To start, let’s get an overview of the structure that Homer Kelley laid out to explain the concepts in The Golfing Machine.
Structure of The Golfing Machine
I can’t lie, J.C. Anderson explained TGM quite well in his satirical video earlier in this post, but I will do my best to provide additional insight. Essentially, Homer Kelley believed that each “human shaped golfer” represents a machine which can perform many movements, and can be programmed to repeat these movements over and over again with enough practice. He also believed that categorizing each specific moment of the golf swing was important for a golfer, because it allowed the golfer to isolate the problem areas, and work on each area independently. Eventually, the golfer can integrate each part of his/her golf swing into a comprehensive motion that (ideally) looks something like this (I’m a big fan of Jason Day’s swing if you couldn’t tell):
When trying to understand this framework for understanding the golf swing, I think it is useful to identify which chapters serve which purpose.

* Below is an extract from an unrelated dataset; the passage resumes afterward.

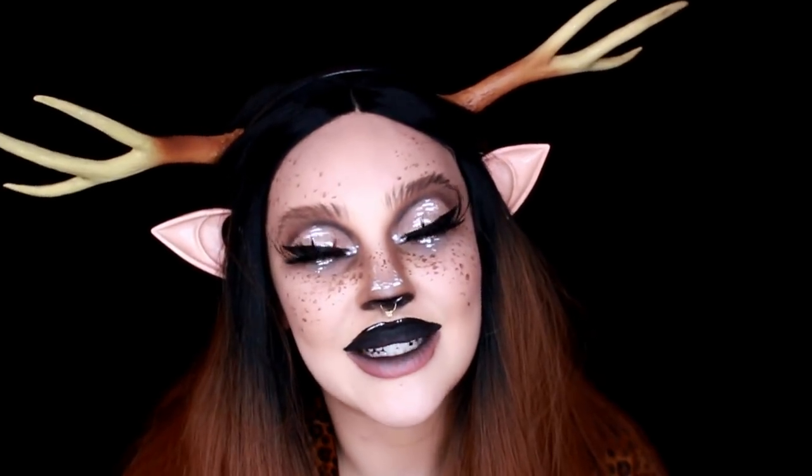Hey guys, welcome to my channel. My name is Jordi if you don't know me. Today's video is on this kind of half human, half deer look — it's my take on the really popular trending deer look from last year or the year before. I never did a deer look then, so I decided to do one now and switch it up a little bit, make it a little bit Dustin Baylor inspired and a little bit spooky.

For starters, Homer said that EVERY golf swing is comprised of 24 components. These include things like the grip, the grip type, the stance, alignments, down-swing types, etc. etc. No matter what golfer you look at, they will ALL have some variation of these 24 components.

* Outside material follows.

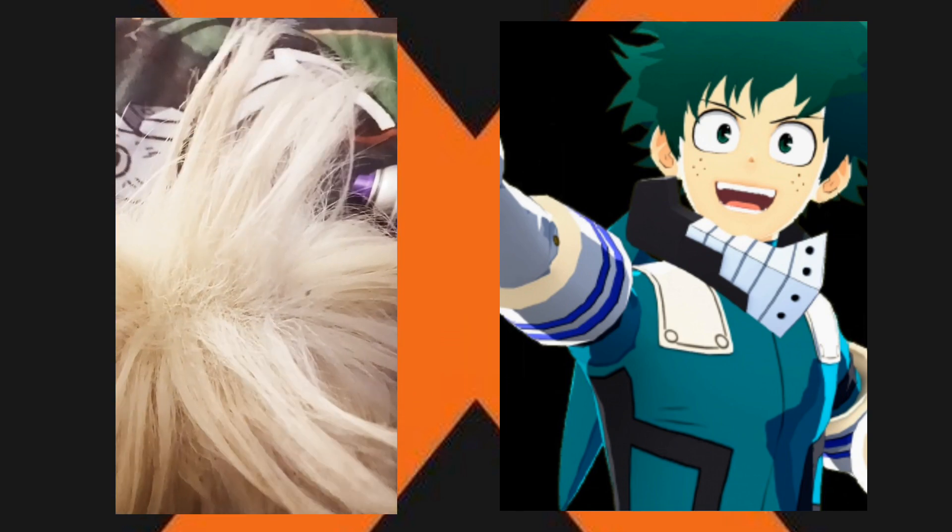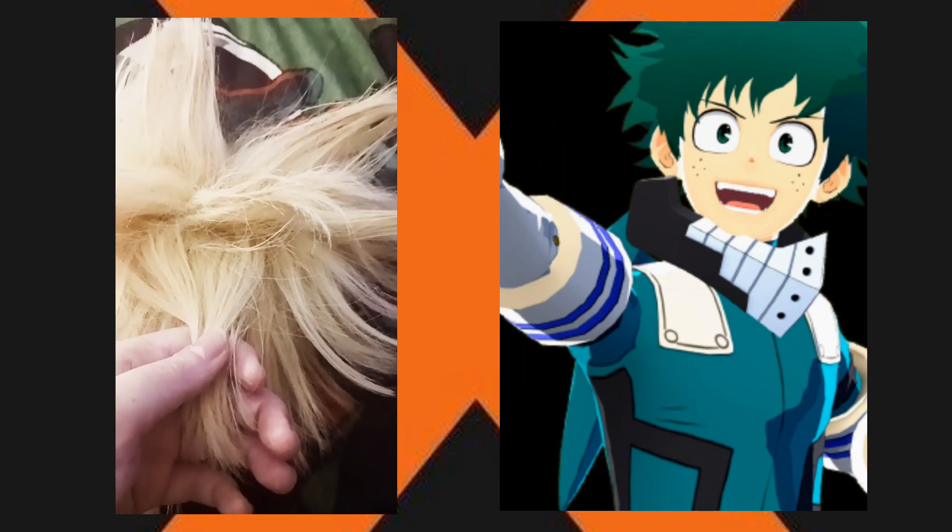One catch: when you hairspray it, it's gonna be messy on your hands, so if it gets on you, wash it off when you're done. Another catch: it's gonna be very time-consuming, so take your time to do it correctly.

Now, obviously, every golfer has a different looking swing, so how can every golfer be the same??
Well, that is where chapter 10 comes in. In Chapter 10, Homer introduces all the individual variations that are possible for EACH of the 24 components. This explains how every PGA Tour golf swing looks different, yet all perform so well. There is no correct combination of components. They are simply options.
RECAP: So far, we understand that each golfer acts a programmable machine which has 24 basic components to his/her golf swing, no matter how good/bad it is. When looking at each different golf swing, we can analyze EACH of these 24 components separately (ideally through video analysis), and identify what types of variations (chapter 10) they have.

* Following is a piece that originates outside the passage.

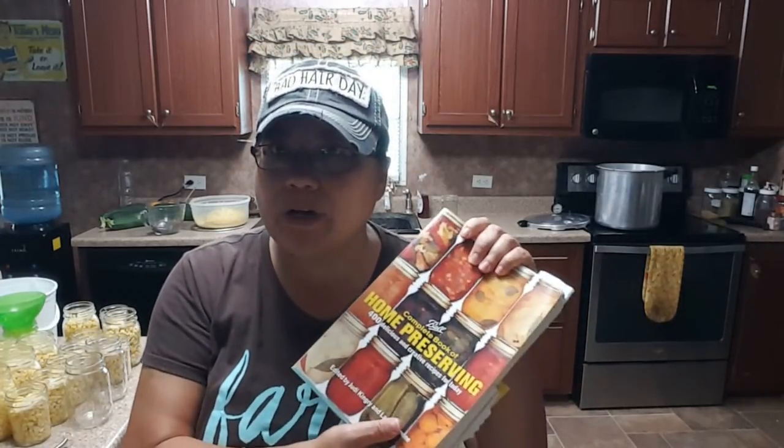I wasn't satisfied with that reason, because it's in the Ball cookbook and everybody else is doing it. So I went through YouTube and found that most people were following the Ball cookbook guide. I checked blogs and still found the same information. Then I came across a YouTube video from a YouTuber who either lives near an Amish or Mennonite community - she was doing a huge batch of corn.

Now, we can add another layer to this beautiful mess, and say that although each golfer has a different looking swing, there are only TWO categories of golf swings: the swinger and the hitter. I have explained the difference in this post. Based on which type of golfer you are, there are certain variations (from chapter 10) that are compatible with your golf swing, while others are not. Homer has written out the compatibility of components in chapter 12, where he lays out the basic classification of a hitter’s swing and a swinger’s swing.
On top of all that, there are laws of physics that explain to us the most efficient and effective way to swing a golf club! Homer uses chapter 2 to explain these factors (although this is by far the most confusing chapter of the book, and I highly recommend reading the first section of my instructional content to understand it better).
Confused? I’ll show you exactly what chapters to read, when to read them, what to supplement them with, and even how to apply them to your own golf game. Get your handbook now.
RECAP: A golfer is a programmable machine which has 24 basic components, regardless of what the swing looks like. Based on the laws of physics, there are “optimal” ways to swing a golf club, primarily classified as either “swinging” or “hitting.” He uses chapter 2 to explain these laws of physics, chapter 7 and 10 to explain all the components of a golf swing, and chapter 12 to classify all these components into either a “hitting motion” or “swinging motion.”
Finally, Homer talks about the concept of “educated hands,” which explains that no matter who you are, and what type of swing you are implementing, the key to good golf is to teach your body (specifically your hands, wrists, and forearms) the correct way to move throughout the golf swing. You should know how to “feel” different types of golf swing motions. He uses chapter 4 to explain this concept.
The remaining chapters are simply supplements which further explain Homer’s theory of teaching golf and implementing the wisdom in his book effectively.
Below is a list of the chapters, and my interpretation of their purposes:
Chapter 1 – This chapter outlines Homer’s overall theory of the golf swing, and the way that he believes a student should learn it. He discusses how golf should be mastered step by step, and without a clear understanding of each step, a golfer will be plagued by frustration forever. He also states in this chapter that golf was never meant to be a “simple” game: “Demanding golf instruction be kept simple does not make it simple – only incomplete and ineffective.” He later explains (in a vague manner) the “machine concept” behind the book.
Chapter 2 – By far the most confusing chapter, Homer explains the physics behind his teachings, and essentially proves why certain movements in the golf swing are bio-mechanically more correct than others. To anyone starting out with this book, I highly suggest skipping this chapter and coming back to it later.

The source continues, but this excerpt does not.